Upgraded to Texis version 6 and noticed an issue in query mark-up in our search results page.
Searching for term "Tadic" while finds results with "Tadić", it does not highlight the query in search results (title and abstract). Yet it does highlight in document body. On the other hand if I search for "Tadić" it works fine.
I am using "%mbH" on the search result and "%mhs" on doc view.
Both `%mbH' and `%mbs' should highlight `Tadić' given the query `Tadic', and default textsearchmode (i.e. ignorediacritics set). Have you verified that the source text passed to <fmt>/<mm> is identical in both instances, i.e. that it is `Tadić' (with the actual UTF-8 character U+0107) and not `Tadić' (with the HTML entity that will not match)? (Normally the crawls will have already converted the entities to UTF-8 for this reason.)
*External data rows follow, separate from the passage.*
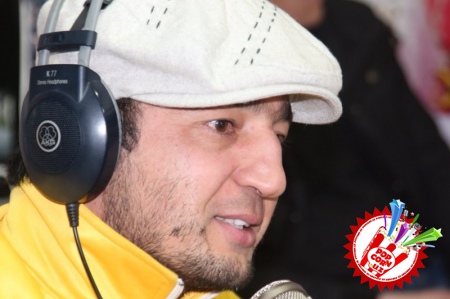 Шоҳруҳхон ва Жаҳонгир Позилжонов “Ўзбегим Таронаси” радиоси меҳмони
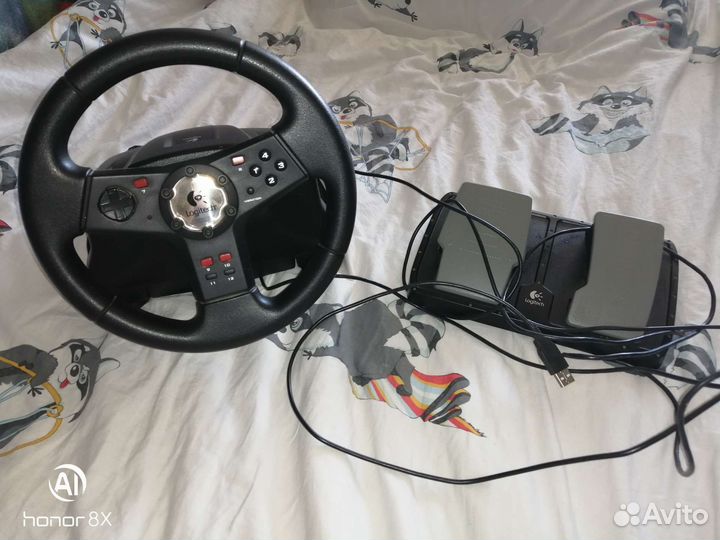 Игровой руль с педалями для пк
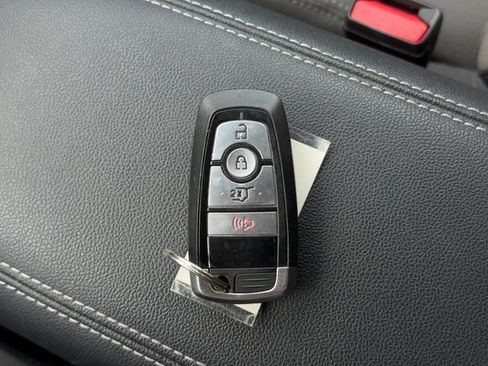 Used 2021 Ford Escape SE w/ SE Sport Appearance Package FWD image 31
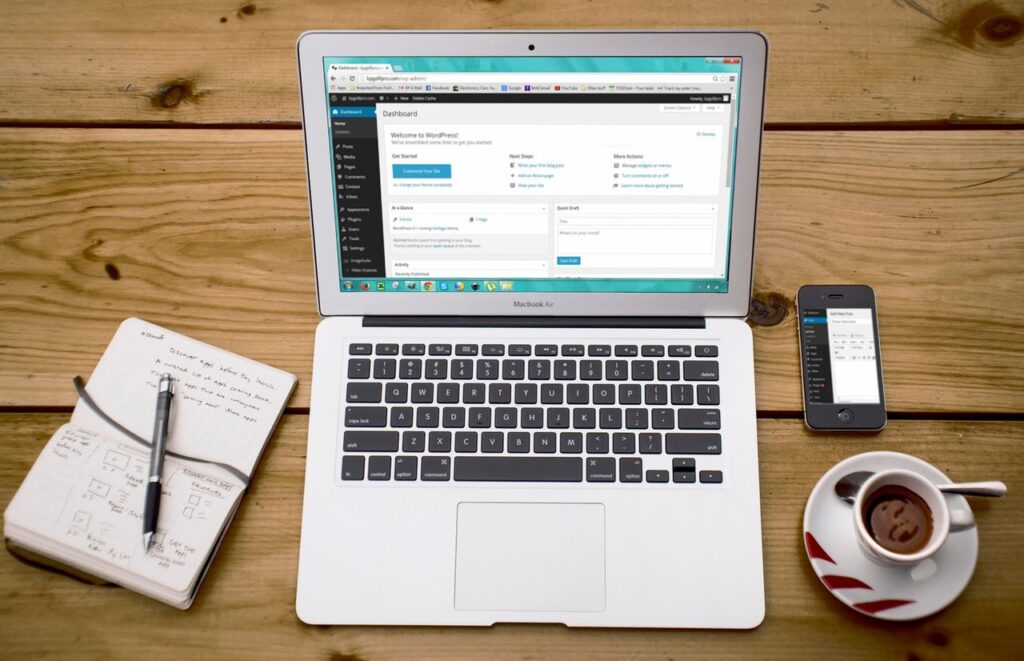 Plusy i minusy stron opartych o WordPress-a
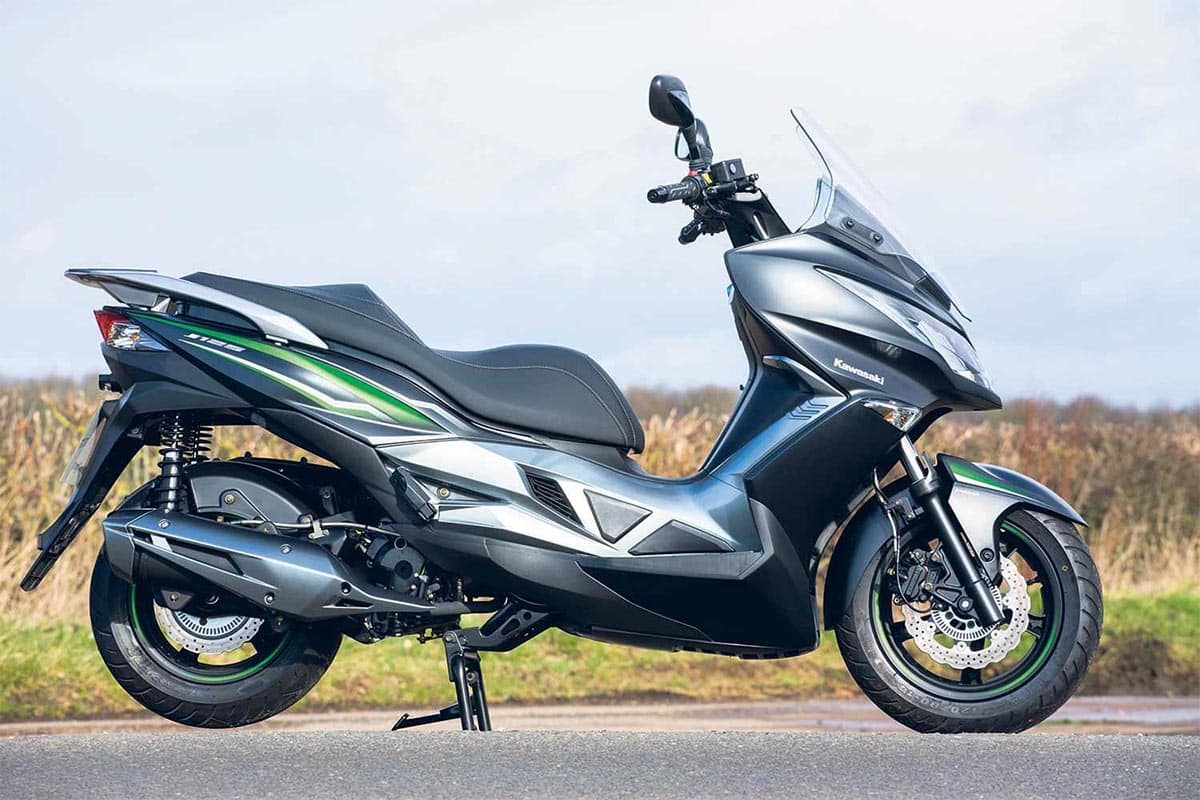 El J300 y el J125 fue la última incursión de Kawasaki en los scooters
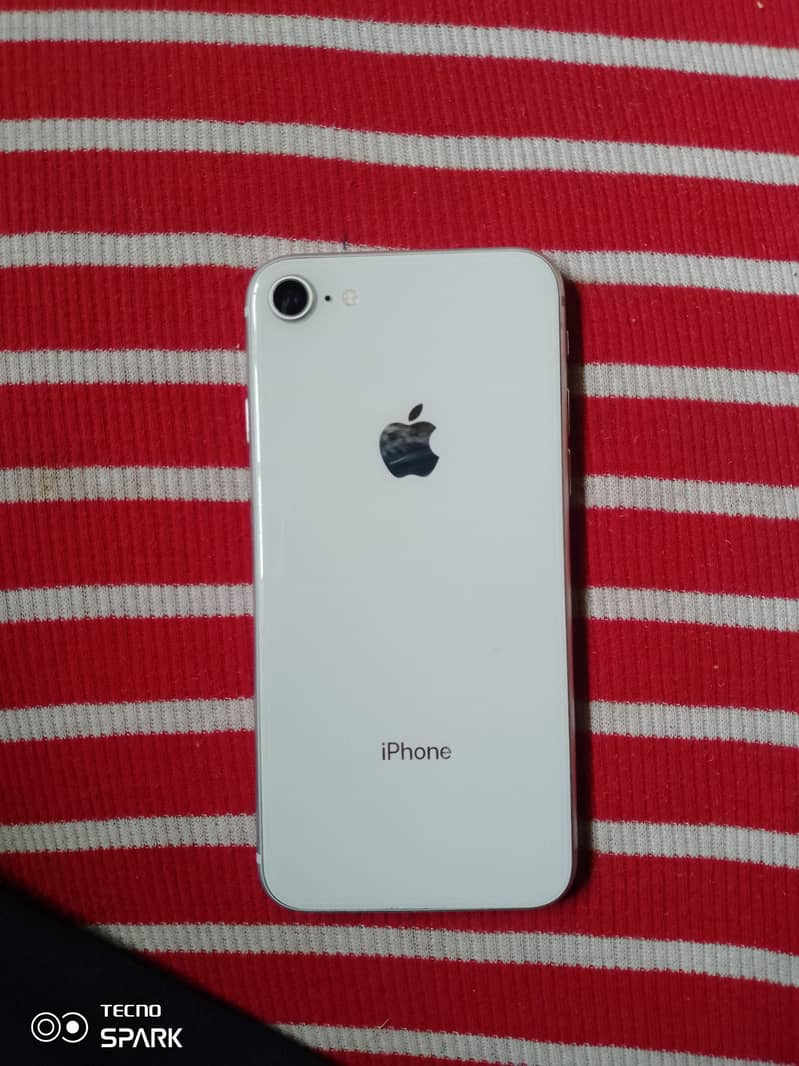Apple iPhone 8 0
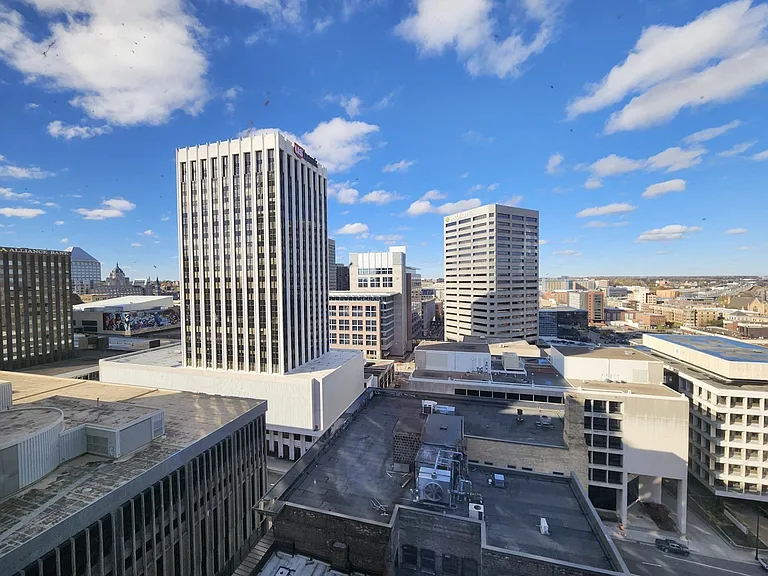 Pioneer Endicott — Photo 108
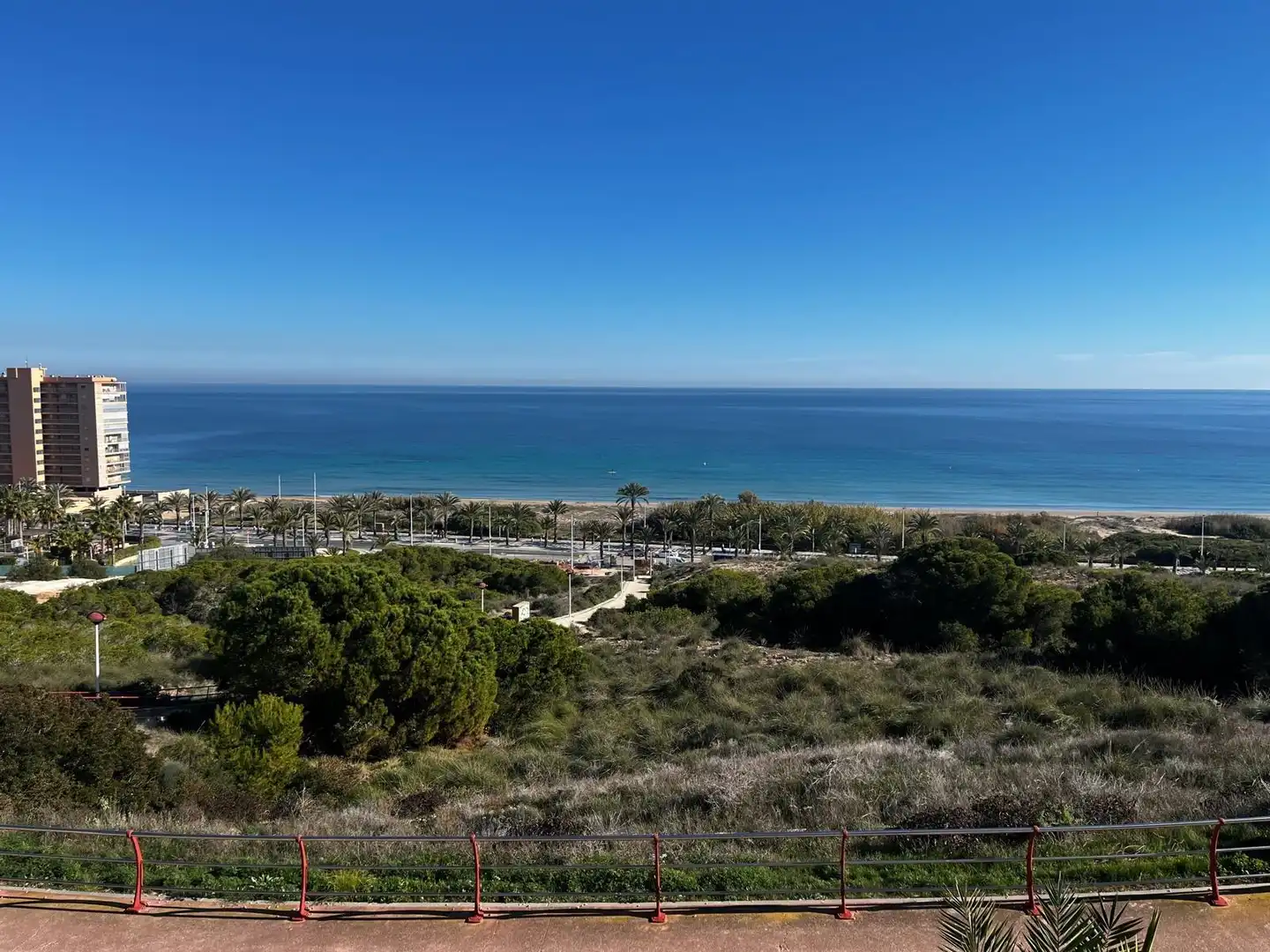Außenansicht von Wohnungen zur Miete in Elche / Elx mit Klimaanlage, Heizung und Terrasse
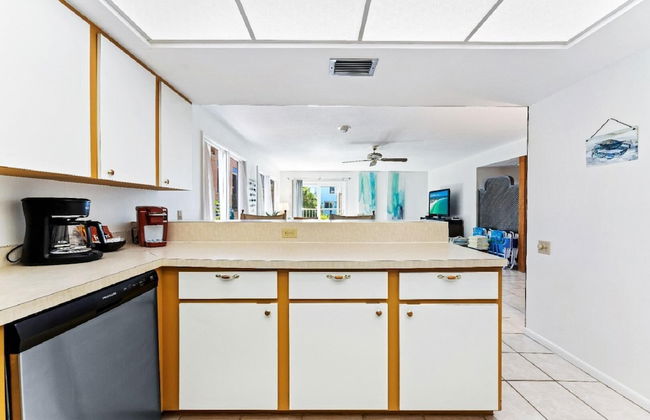 Coastal Surfside by Beachside Management - Foto 25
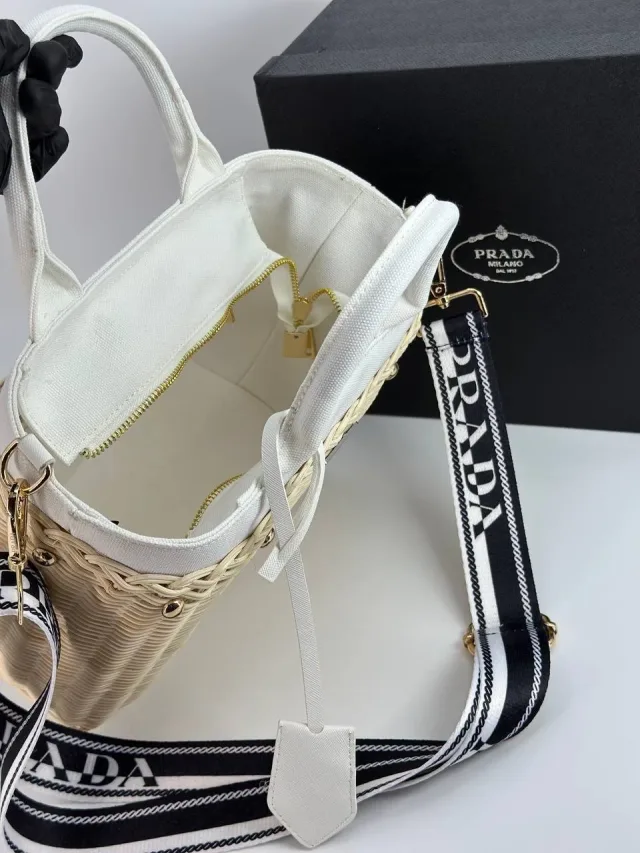 Сумка Prada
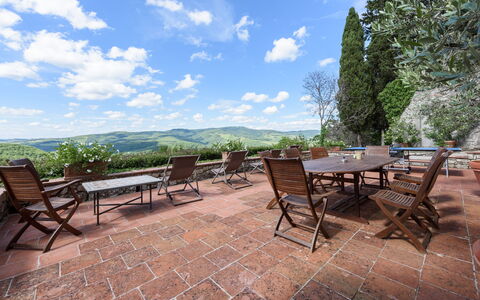 Villa Poggio La Croce: Hügel, Landschaft, Möbel, Gartenmöbel, Bergstation, Gebirge, Stuhl, Senke, Landscaping, Grat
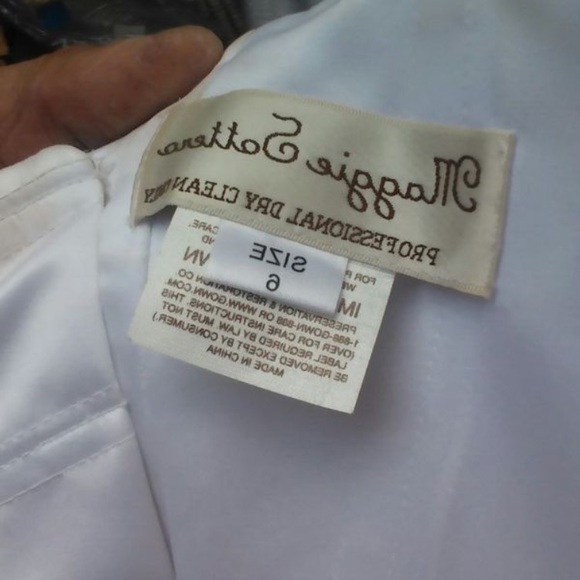 Wedding Dress - Picture 2 of 2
Yes the text is unicode in both places. (In fact the message board escaped the unicode character).
It's really bizarre as I've not modified the textsearchmode and if you do the search with the unicode character it actually highlights the terms without the accents.
Try crawling and searching with the stock v6 scripts; those should highlight properly and you can then adapt that highlight/markup code back to your scripts.
I've isolated the problem in one line in the search script. I am using minwordlen=4 for suffix proc and when I remove the line the problem disappears but I lose suffix proc completely.
I also noticed that if I change it to 3 it still works.